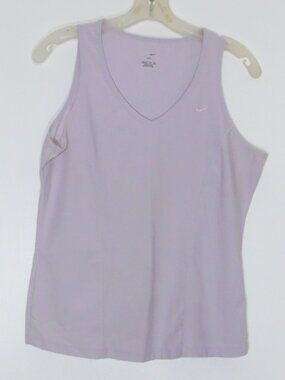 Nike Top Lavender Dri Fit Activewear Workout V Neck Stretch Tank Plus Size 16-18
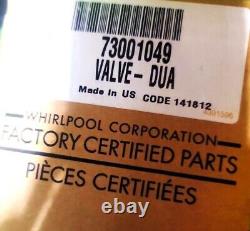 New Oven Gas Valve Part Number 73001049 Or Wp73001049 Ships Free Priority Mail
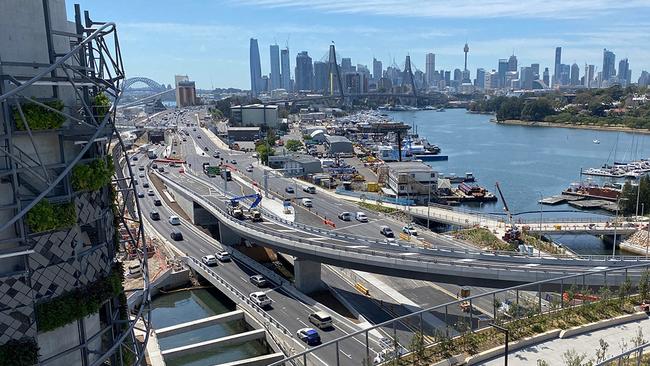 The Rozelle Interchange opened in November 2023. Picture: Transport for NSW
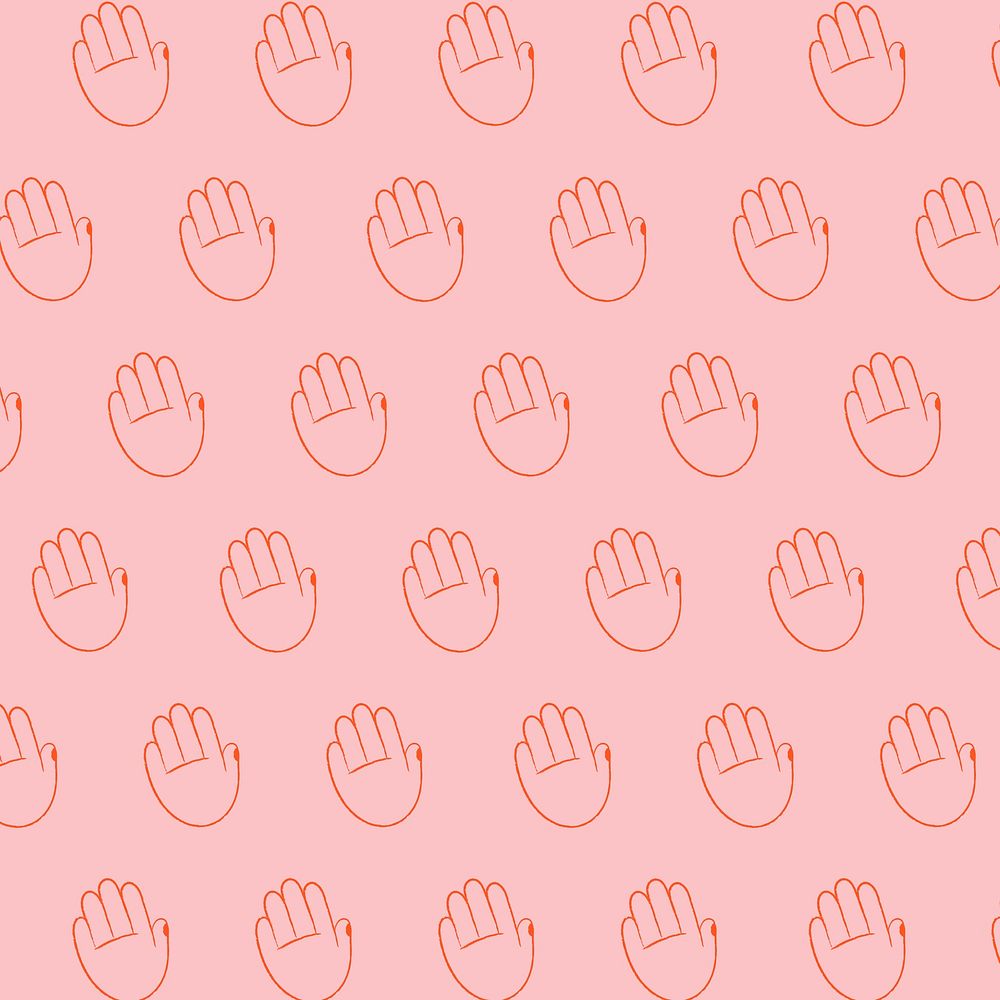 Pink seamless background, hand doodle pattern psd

TASK REQUIREMENTS: Reproduce the listing exactly. Leave its pictures out.

YOUR SOLUTION:
 Nike Top Lavender Dri Fit Activewear Workout V Neck Stretch Tank Plus Size 16-18
 New Oven Gas Valve Part Number 73001049 Or Wp73001049 Ships Free Priority Mail
 The Rozelle Interchange opened in November 2023. Picture: Transport for NSW
 Pink seamless background, hand doodle pattern psd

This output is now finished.